------ AVAILABLE DATA
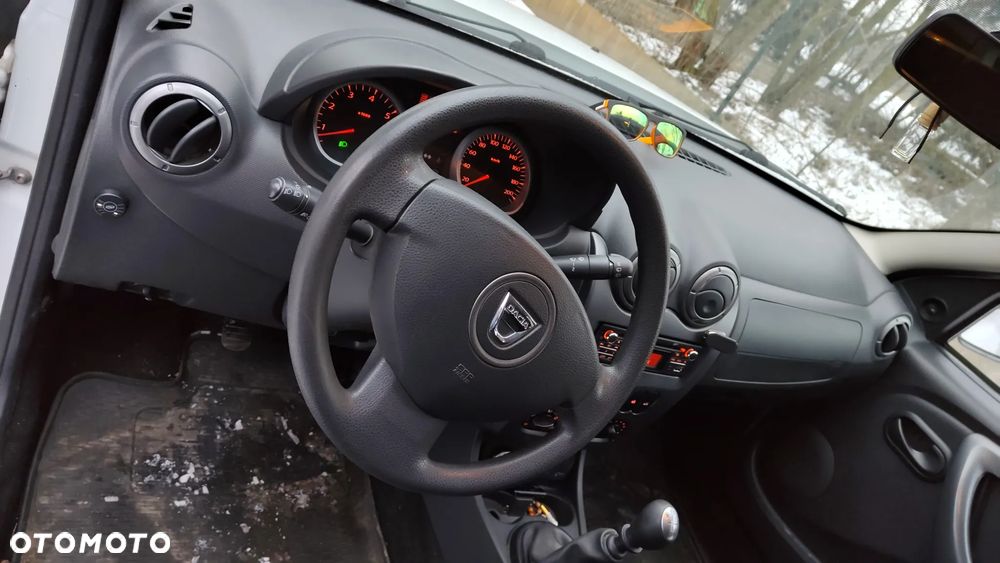 Dacia Duster 1.6 Ambiance 4x4 - 13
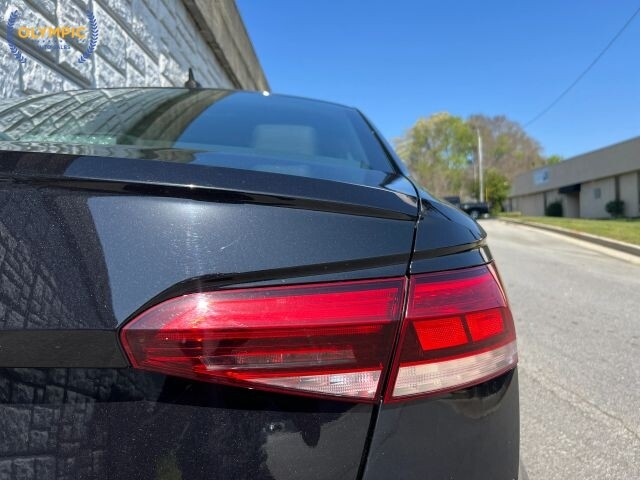 2020 Volkswagen Passat in Decatur, GA 30032 - 18126013 17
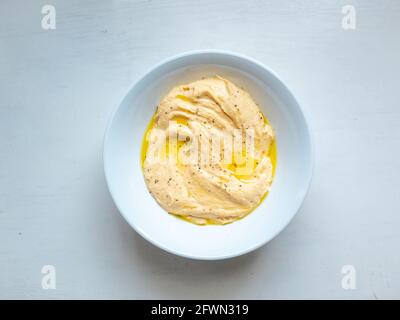 Köstlicher Hummus, zubereitet mit Kichererbsen, Knoblauch, Tahini, Zitronensaft, Salz, Olivenöl und Gewürze Stockfoto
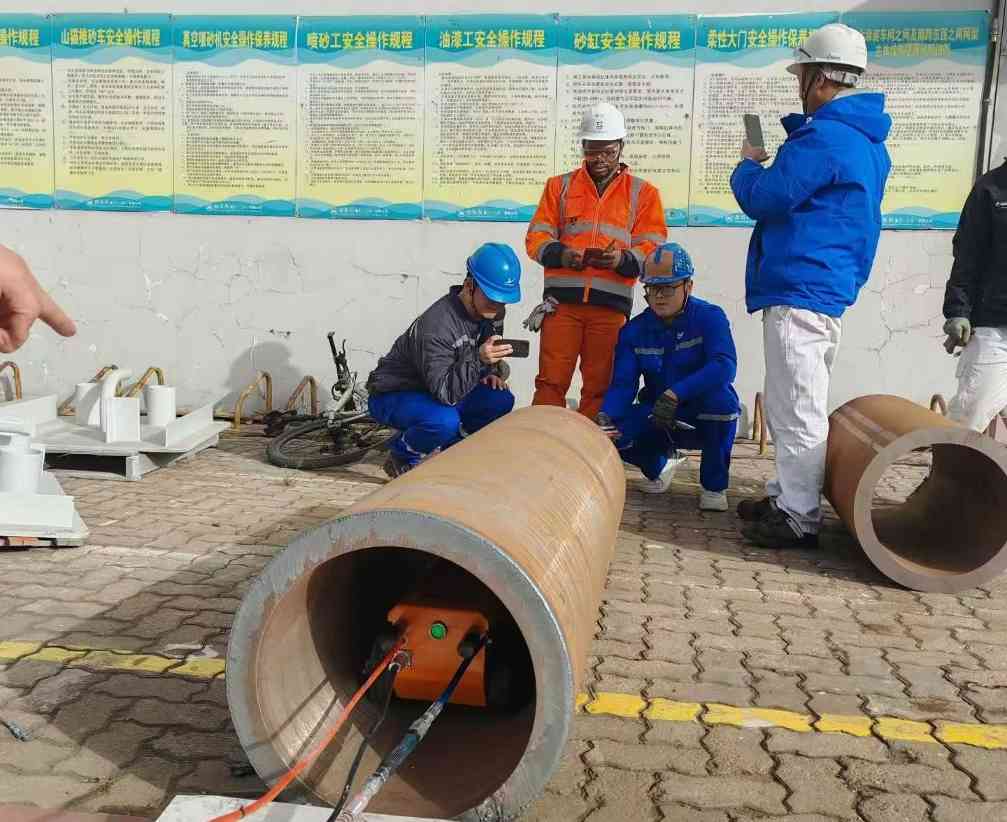 如何用管道喷涂机器人提升防腐施工效率与漆膜质量(图1)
------------
# WHAT NEEDS TO BE DONE
Begin with the line that contains "Köstlicher Hummus, zubereitet" and repeat every line through the end of the data, exactly and only those lines, leaving out the pictures.

# THE COMPLETED TASK
 Köstlicher Hummus, zubereitet mit Kichererbsen, Knoblauch, Tahini, Zitronensaft, Salz, Olivenöl und Gewürze Stockfoto
 如何用管道喷涂机器人提升防腐施工效率与漆膜质量(图1)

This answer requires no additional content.